- An analyst at the Carson Group thinks Intel is likely to be dropped from the Dow Jones.
- INTC shares are down 6% on Tuesday and 59% for the year.
- Intel is whispered to be considering a sale of its FPGA unit to Marvell.
- Intel stock makes up just 0.35% of the DJIA.
Intel (INTC) shares slid lower on the first day of trading this week after CEO Pat Gelsinger was said to be considering selling the former Altera unit that makes field programmable gate array (FPGA) chips.

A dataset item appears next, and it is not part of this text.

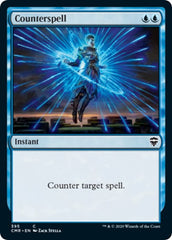 Counterspell [Commander Legends] | Fandemonia Ltd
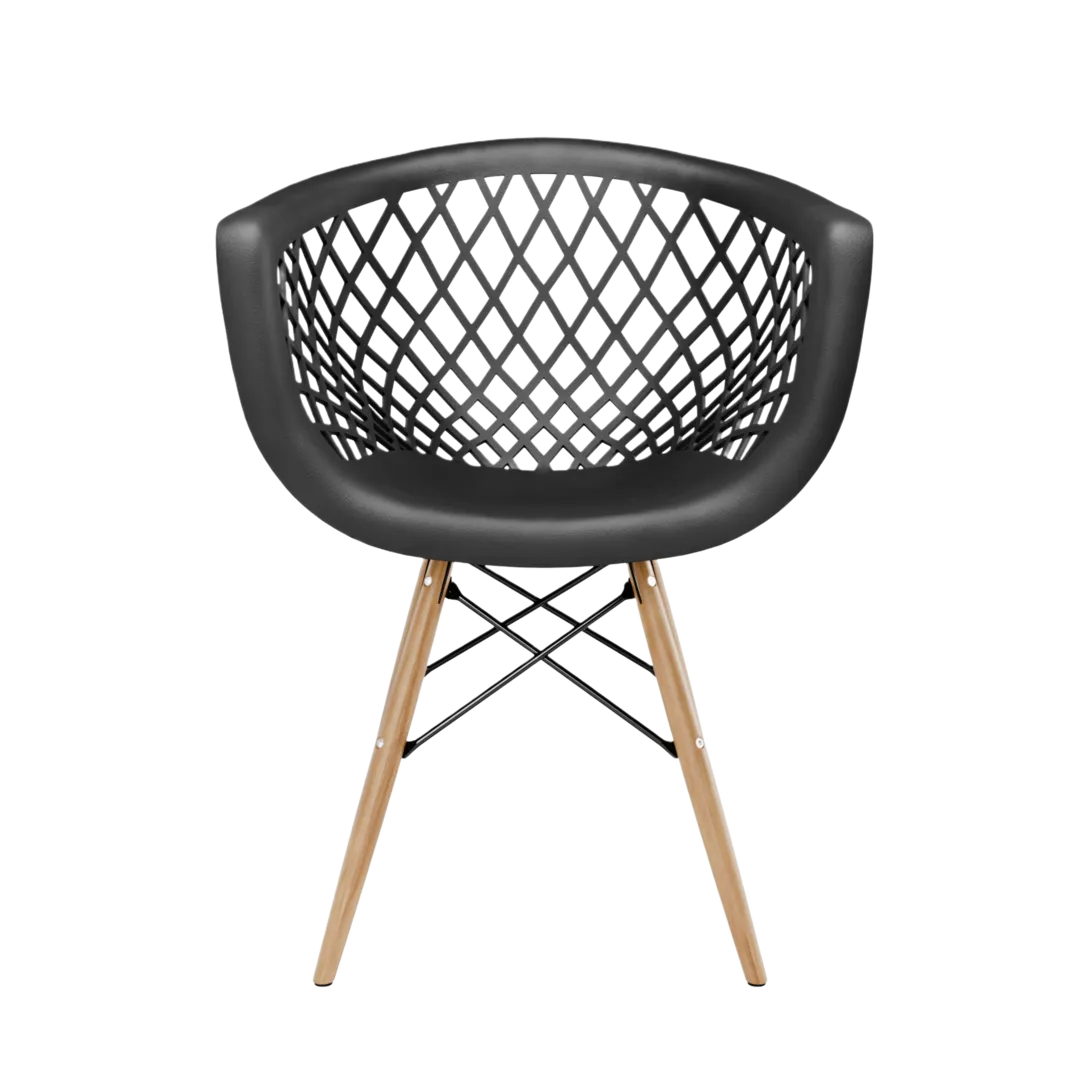 Cadeira Web DSW Madeira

INTC dipped some 6% on Tuesday morning, while chatter emerged about whether the Dow Jones Industrial Average (DJIA) might drop Intel from its index altogether. The Dow Jones index is sinking 1.1% midday on Tuesday after US manufacturing data showed contraction in August. This comes after the DJIA reached another all-time high last week. The NASDAQ is off a whopping 2.5% as well on Tuesday.
Intel stock news
News emerged on Monday that Intel is studying the possibility of sellings its FPGA unit, originally called Altera, that it acquired for $16.7 billion back in 2015. Offloading the high-margin unit would help the company improve its balance sheet immediately as it attempts to halt large losses stemming from its move into third-party chip fabrication.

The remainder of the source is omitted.